Exercise prompt: Reproduce the whole listing exactly and let no picture into the copy.

Stored data:
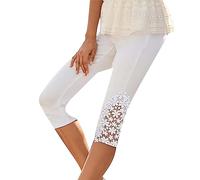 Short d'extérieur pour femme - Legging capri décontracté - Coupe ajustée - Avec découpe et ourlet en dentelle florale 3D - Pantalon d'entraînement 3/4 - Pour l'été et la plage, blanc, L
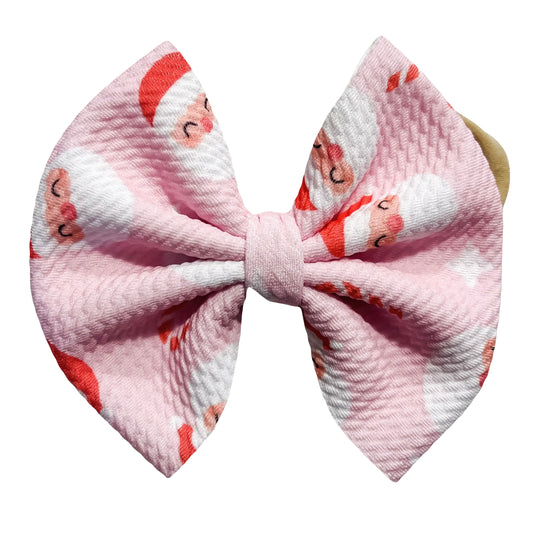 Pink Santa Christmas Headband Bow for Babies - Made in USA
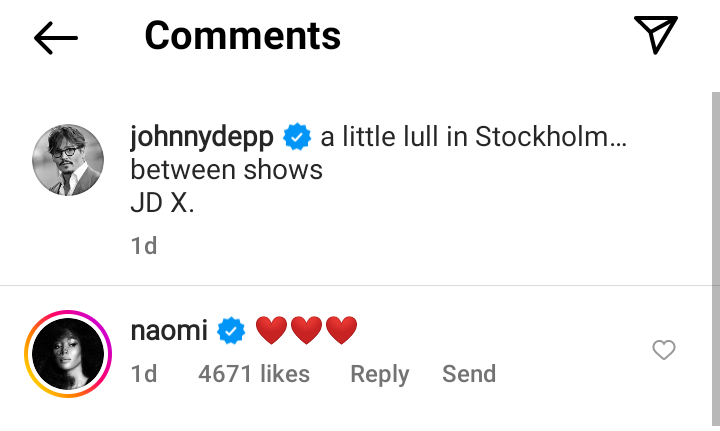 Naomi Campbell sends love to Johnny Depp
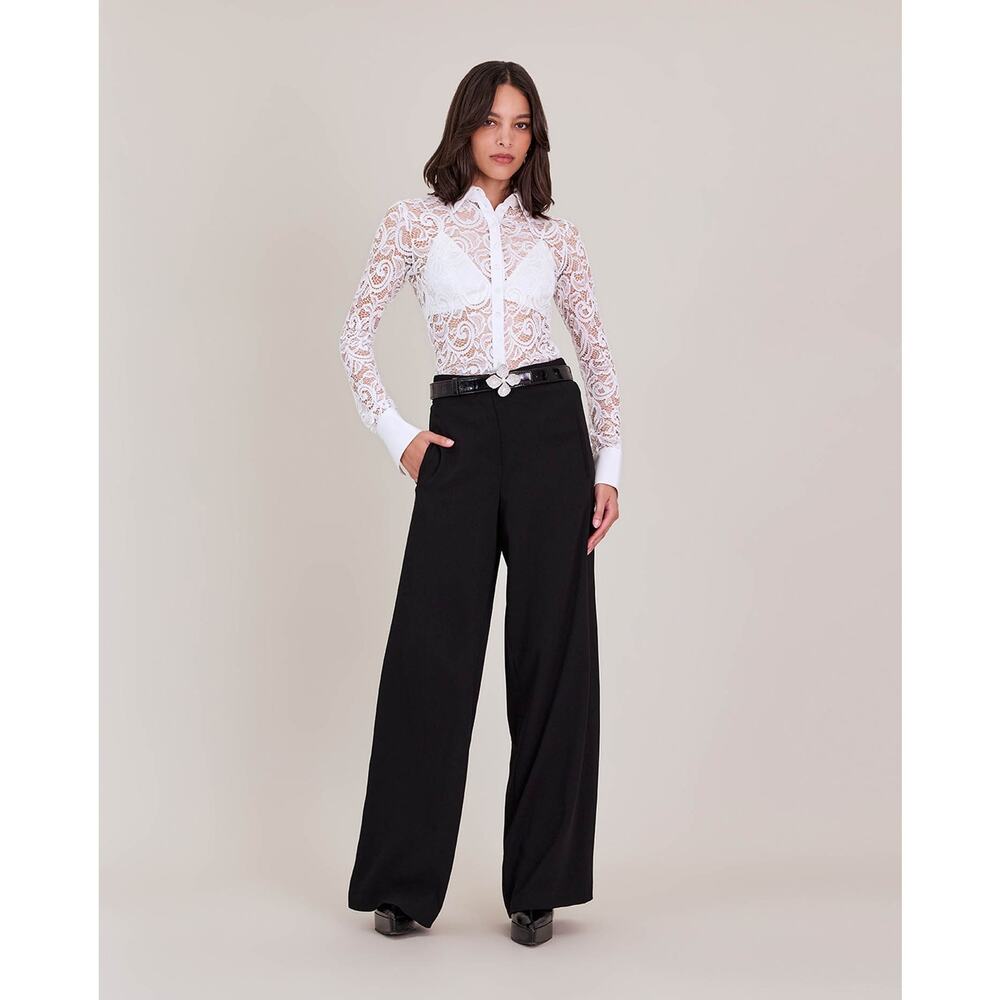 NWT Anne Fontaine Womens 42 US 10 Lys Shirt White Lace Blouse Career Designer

Response:
 Short d'extérieur pour femme - Legging capri décontracté - Coupe ajustée - Avec découpe et ourlet en dentelle florale 3D - Pantalon d'entraînement 3/4 - Pour l'été et la plage, blanc, L
 Pink Santa Christmas Headband Bow for Babies - Made in USA
 Naomi Campbell sends love to Johnny Depp
 NWT Anne Fontaine Womens 42 US 10 Lys Shirt White Lace Blouse Career Designer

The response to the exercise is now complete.